Last year, the Texas legislature passed statewide legislation enabling cities to use their property assessments as a way to finance clean energy and energy efficiency for industrial, agriculture, water, and commercial buildings. This innovative financing tool, generally referred to as property-assessed clean energy (PACE), has the potential to unlock a considerable amount of funding for both renewable energy and energy efficiency projects in the state, while simultaneously offering building owners cheaper financing options and secure repayment through their property assessment.
While PACE holds great promise in Texas with its over 1,200 incorporated cities, stakeholders have expressed concern that each of these cities could develop its own program with unique requirements, leading to confusion and creating bottlenecks for a successful roll-out.
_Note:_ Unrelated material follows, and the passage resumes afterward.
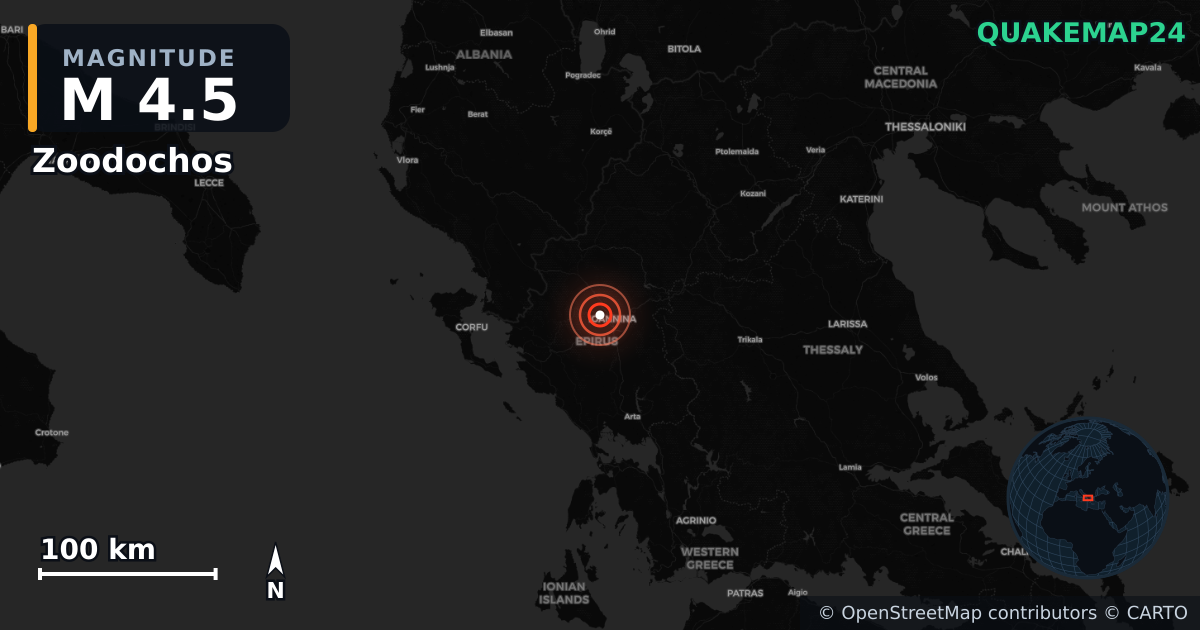 M4.5 earthquake near Zoodochos on Apr 6, 2026 — map of epicenter and shaking intensity | QuakeMap24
A consistent approach to PACE implementation and program rules would, however, vastly increase the chances of success.
In order to get ahead of this potential issue and create the consistency desired by all, Keeping PACE in Texas, a non-profit devoted to bringing PACE programs to Texas, has been working with a wide array of stakeholders to develop a do-it-yourself toolkit, called “Pace in a Box.” This toolkit provides local Texas officials with a set of necessary steps, program rules, and technical requirements. Pace in a Box, released today, will facilitate a consistent statewide approach to implementing PACE financing as well as allow local Texas governments to establish effective PACE programs quickly and economically.
Pace in a Box will include energy efficiency protocols developed by EDF’s Investor Confidence Project (ICP) as its recommended standard for developing projects, estimating energy and financial savings, and documenting and verifying results. By establishing a standardized process, the ICP Protocols will allow investors, building owners, and energy service companies to deploy PACE at scale in Texas. Input from stakeholders has shown that consistency and standardization are critical to growing the market and attracting investors.
Embedding ICP’s standards into the PACE in a Box toolkit not only creates consistency across the state of Texas, but also aligns the state with a growing number of national programs and investors. Ultimately, this could create an energy efficiency market on a national level.
Keeping PACE in Texas also avoided the costly and time-consuming process of developing proprietary program standards by using the ICP framework in its toolkit. Keeping PACE in Texas released the first version of its PACE in a Box toolkit this week to solicit feedback from stakeholders before launching a finalized version, scheduled for May 30, 2014.
The incorporation of ICP’s standards into the Pace in a Box toolkit reflects ICP’s growing momentum across the country as well as its rapidly-expanding Ally Network, which includes over 70 partners from both private industry and investors as well as an ever-expanding set of public programs.